Anyone who has owned a dog knows the routine: he would prance and gambol playfully before us with his prize, wagging his tail, proud of his find, courting our approval. And of course, we approved: we lavished praise, telling him what a good dog he was. But after awhile, sated with our applause, he would drag the bone off twenty yards or so to a more private place, usually the shade of a large moss-covered boulder, and go to work on the bone. The social aspects of the bone were behind him; now the pleasure became solitary. He gnawed the bone, turned it over and around, licked it, worried it. Sometimes we could hear a low rumble or growl, what in a cat would be a purr. He was obviously enjoying himself and in no hurry. After a leisurely couple of hours he would bury it and return the next day to take it up again. An average bone lasted about a week.

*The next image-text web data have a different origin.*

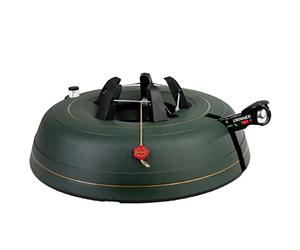 KRINNER Ultra Grip XXL - Soporte para árbol de Navidad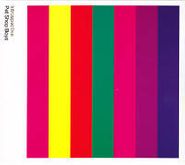 Pet Shop Boys, Introspective / Further Listening 1988-1989 (CD)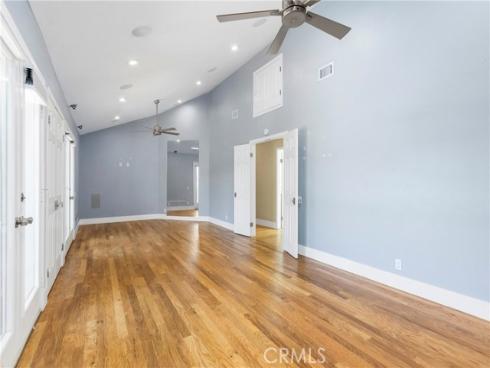 22931  Calle Azorin  , Mission Viejo, CA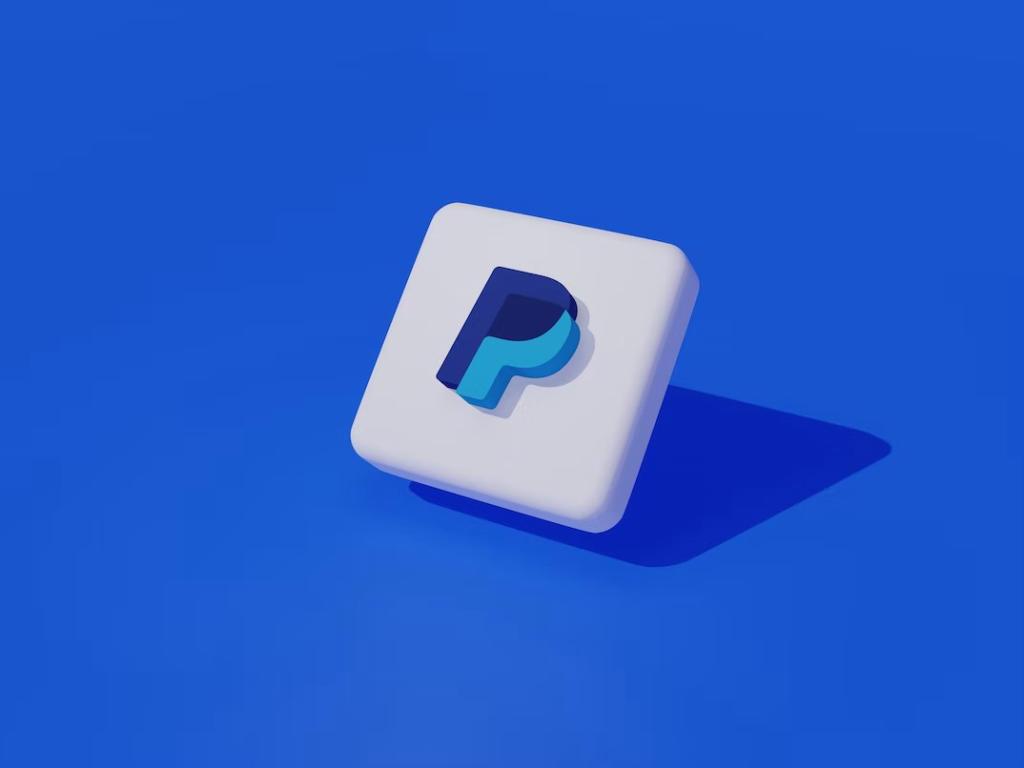 Использование PayPal в онлайн-казино в Австрии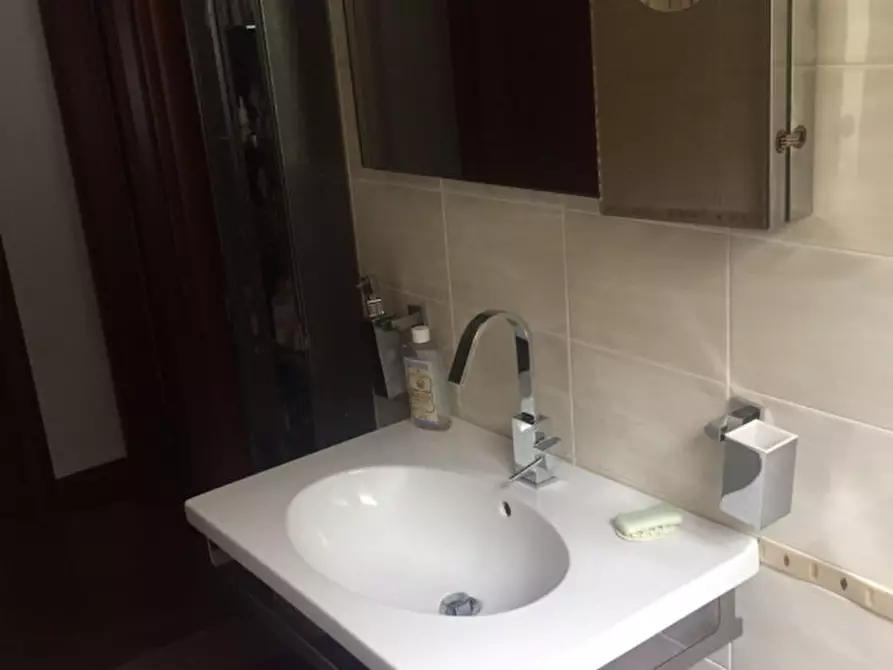 Immagine 25 di Appartamento in affitto  in Via Chiappinello a Montesilvano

I always took delight in my dog's delight, his playful seriousness, his childlike spontaneities now totally absorbed in "the one thing needful." But imagine my further delight in coming upon a phrase one day while reading Isaiah in which I found the poet-prophet observing something similar to what I enjoyed so much in my dog, except that his animal was a lion instead of a dog: "As a lion or a young lion growls over his prey … " (Isa. 31:4). "Growls" is the word that caught my attention and brought me that little "pop" of delight. What my dog did over his precious bone, making those low throaty rumbles of pleasure as he gnawed, enjoyed, and savored his prize, Isaiah's lion did to his prey. The nugget of my delight was noticing the Hebrew word here translated as "growl" (hagah) but usually translated as "meditate," as in the Psalm 1 phrase describing the blessed man or woman whose "delight is in the law of the LORD," on which "he meditates day and night" (v. 2). Or in Psalm 63: "When I think of thee upon my bed, and meditate on thee in the watches of the night" (v 6). But Isaiah uses this word to refer to a lion growling over his prey the way my dog worried a bone.

Hagah is a word that our Hebrew ancestors used frequently for reading the kind of writing that deals with our souls. But "meditate" is far too tame a word for what is being signified. "Meditate" seems more suited to what I do in a quiet chapel on my knees with a candle burning on the altar. Or to what my wife does while sitting in a rose garden with the Bible open in her lap. But when Isaiah's lion and my dog meditated they chewed and swallowed, using teeth and tongue, stomach and intestines: Isaiah's lion meditating his goat (if that's what it was); my dog meditating his bone.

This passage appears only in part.